#### [YOUR OBJECTIVE]
Retype the data below verbatim; pictures do not belong in the copy.

#### [DATASET EXCERPT]
_ _ _ _ _ _ _

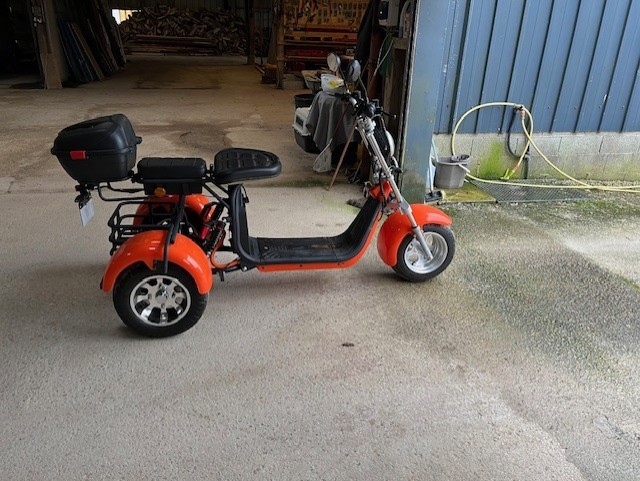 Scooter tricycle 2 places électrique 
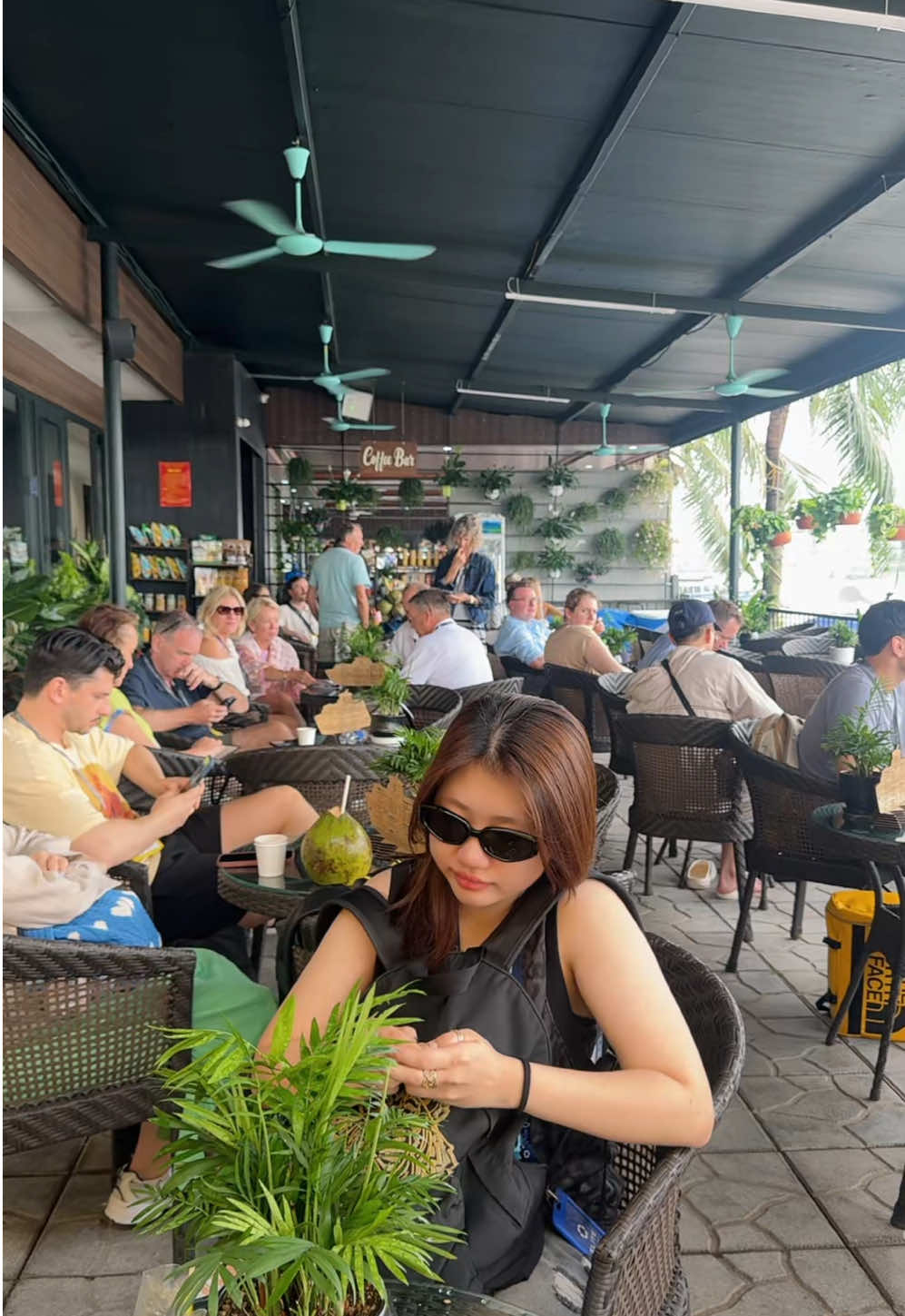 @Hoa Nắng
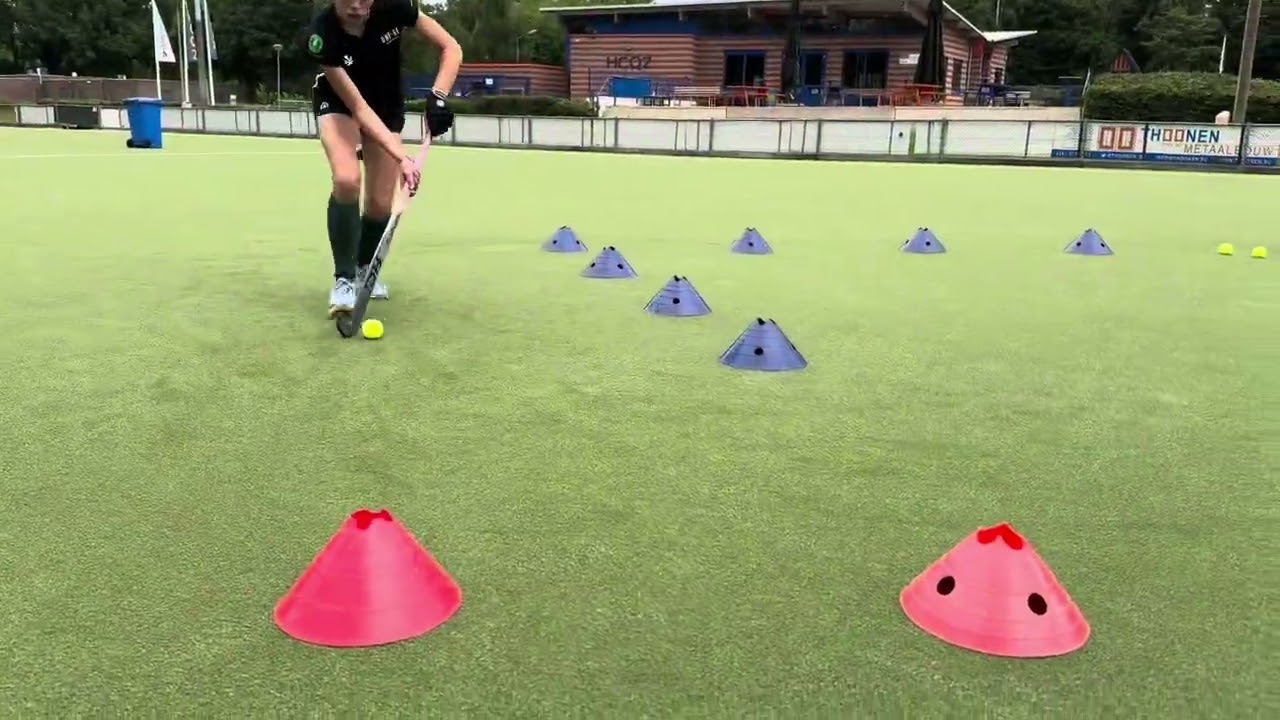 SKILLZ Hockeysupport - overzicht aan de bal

_ _ _ _ _ _ _

#### [EXERCISE OUTPUT]
 Scooter tricycle 2 places électrique 
 @Hoa Nắng
 SKILLZ Hockeysupport - overzicht aan de bal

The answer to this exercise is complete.